## ACTIVITY
The reply should repeat all of the data word for word, with no pictures.

***

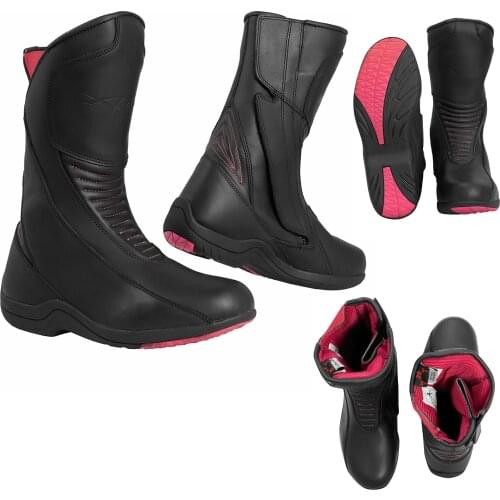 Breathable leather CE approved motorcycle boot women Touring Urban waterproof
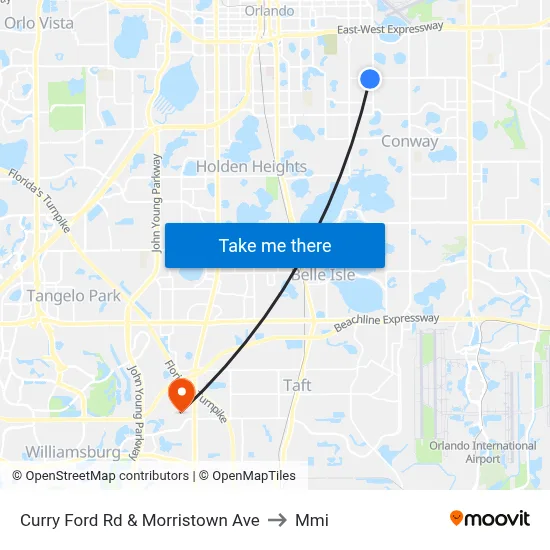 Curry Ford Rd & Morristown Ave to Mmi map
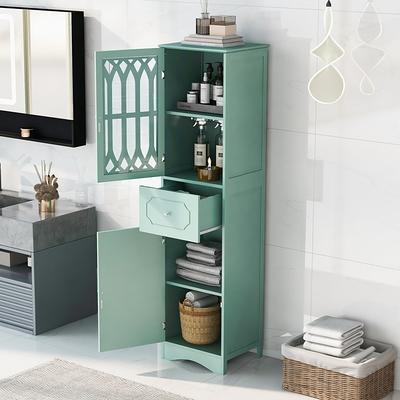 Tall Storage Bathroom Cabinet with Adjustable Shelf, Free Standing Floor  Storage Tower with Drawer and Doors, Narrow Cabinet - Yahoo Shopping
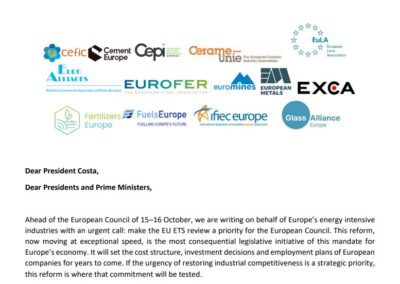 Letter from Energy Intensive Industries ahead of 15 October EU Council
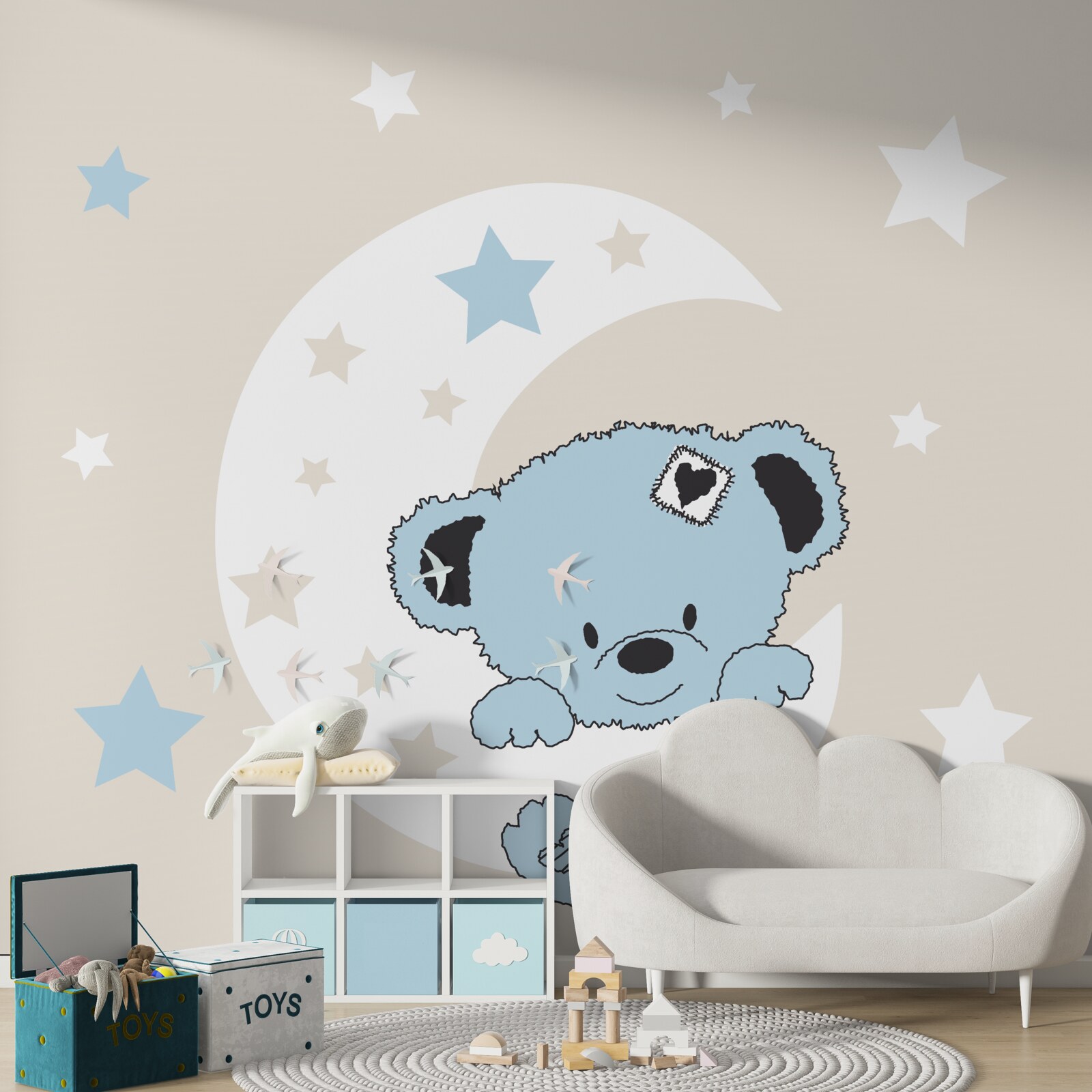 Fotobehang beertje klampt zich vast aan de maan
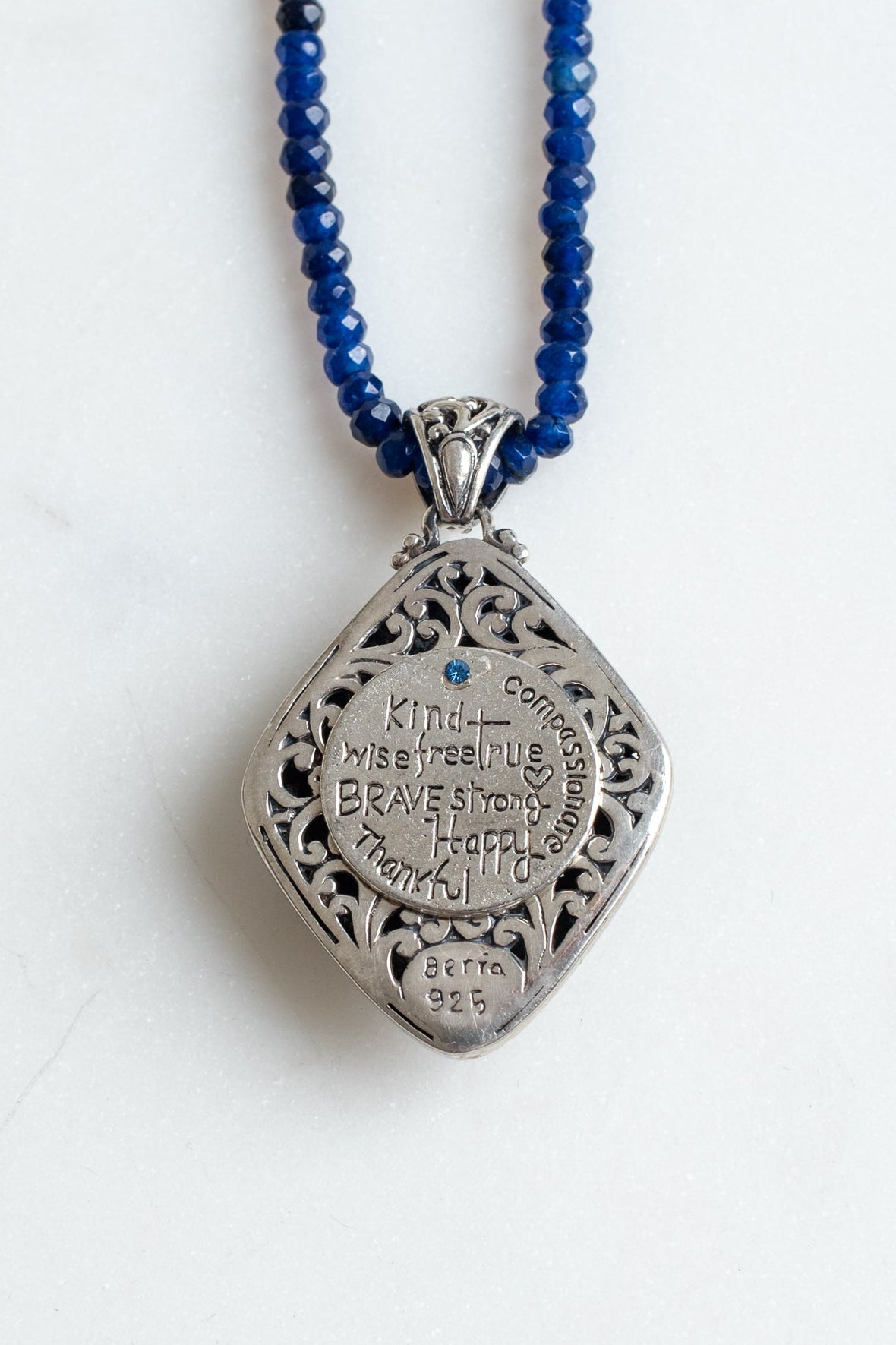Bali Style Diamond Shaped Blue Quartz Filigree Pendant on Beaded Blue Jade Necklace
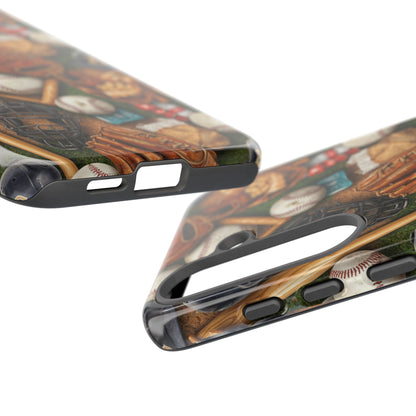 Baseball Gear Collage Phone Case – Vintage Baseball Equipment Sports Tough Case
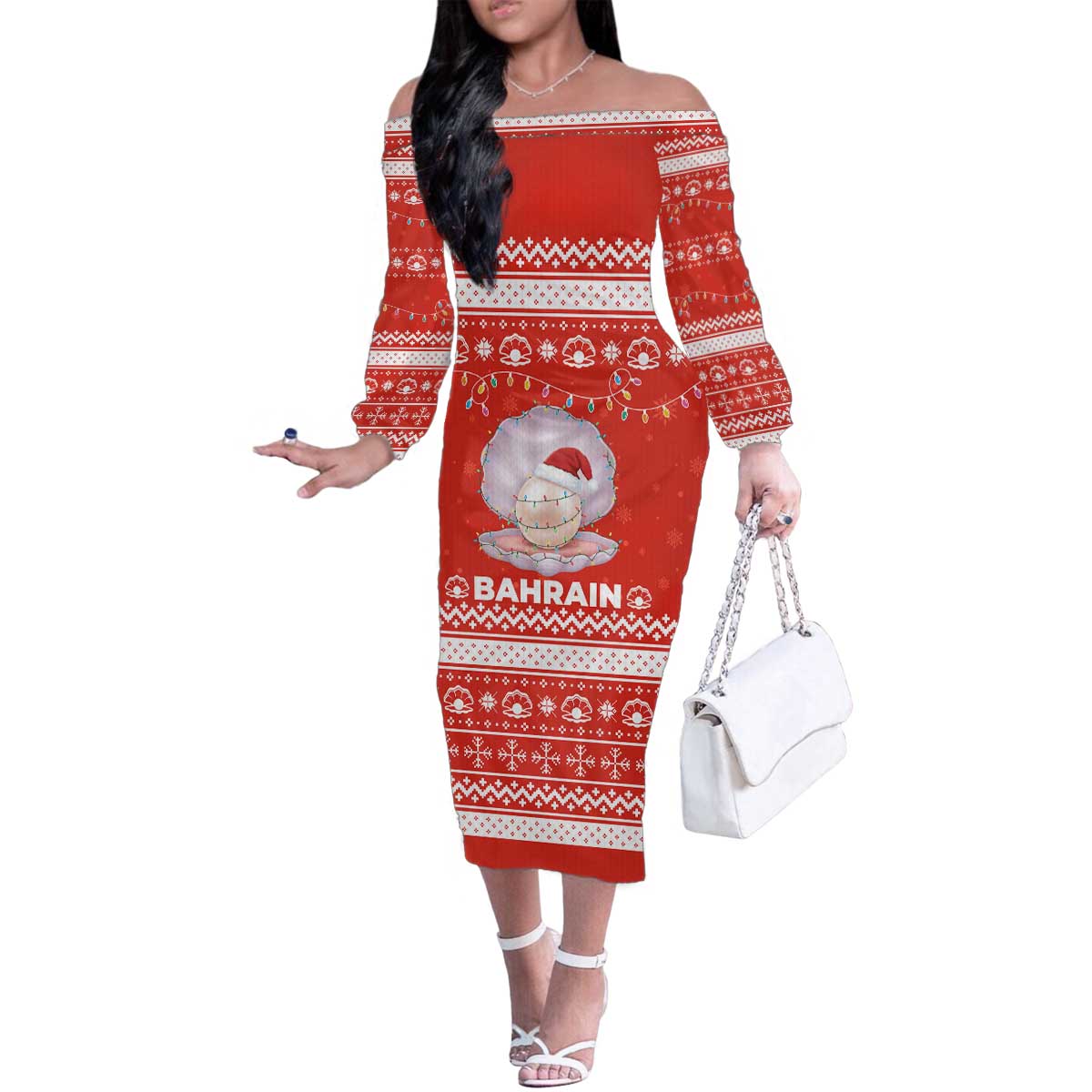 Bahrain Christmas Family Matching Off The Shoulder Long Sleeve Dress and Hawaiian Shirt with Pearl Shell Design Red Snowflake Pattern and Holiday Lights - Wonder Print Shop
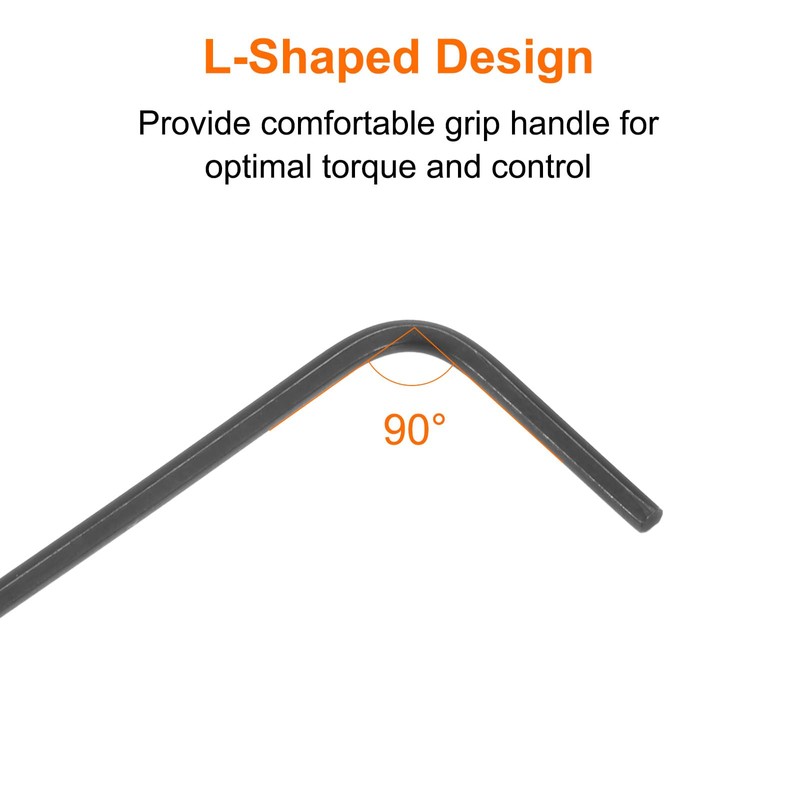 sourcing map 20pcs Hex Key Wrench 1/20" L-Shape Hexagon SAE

***

## TASK ANSWER
 Breathable leather CE approved motorcycle boot women Touring Urban waterproof
 Curry Ford Rd & Morristown Ave to Mmi map
 Tall Storage Bathroom Cabinet with Adjustable Shelf, Free Standing Floor  Storage Tower with Drawer and Doors, Narrow Cabinet - Yahoo Shopping
 Letter from Energy Intensive Industries ahead of 15 October EU Council
 Fotobehang beertje klampt zich vast aan de maan
Bali Style Diamond Shaped Blue Quartz Filigree Pendant on Beaded Blue Jade Necklace
 Baseball Gear Collage Phone Case – Vintage Baseball Equipment Sports Tough Case
 Bahrain Christmas Family Matching Off The Shoulder Long Sleeve Dress and Hawaiian Shirt with Pearl Shell Design Red Snowflake Pattern and Holiday Lights - Wonder Print Shop
 sourcing map 20pcs Hex Key Wrench 1/20" L-Shape Hexagon SAE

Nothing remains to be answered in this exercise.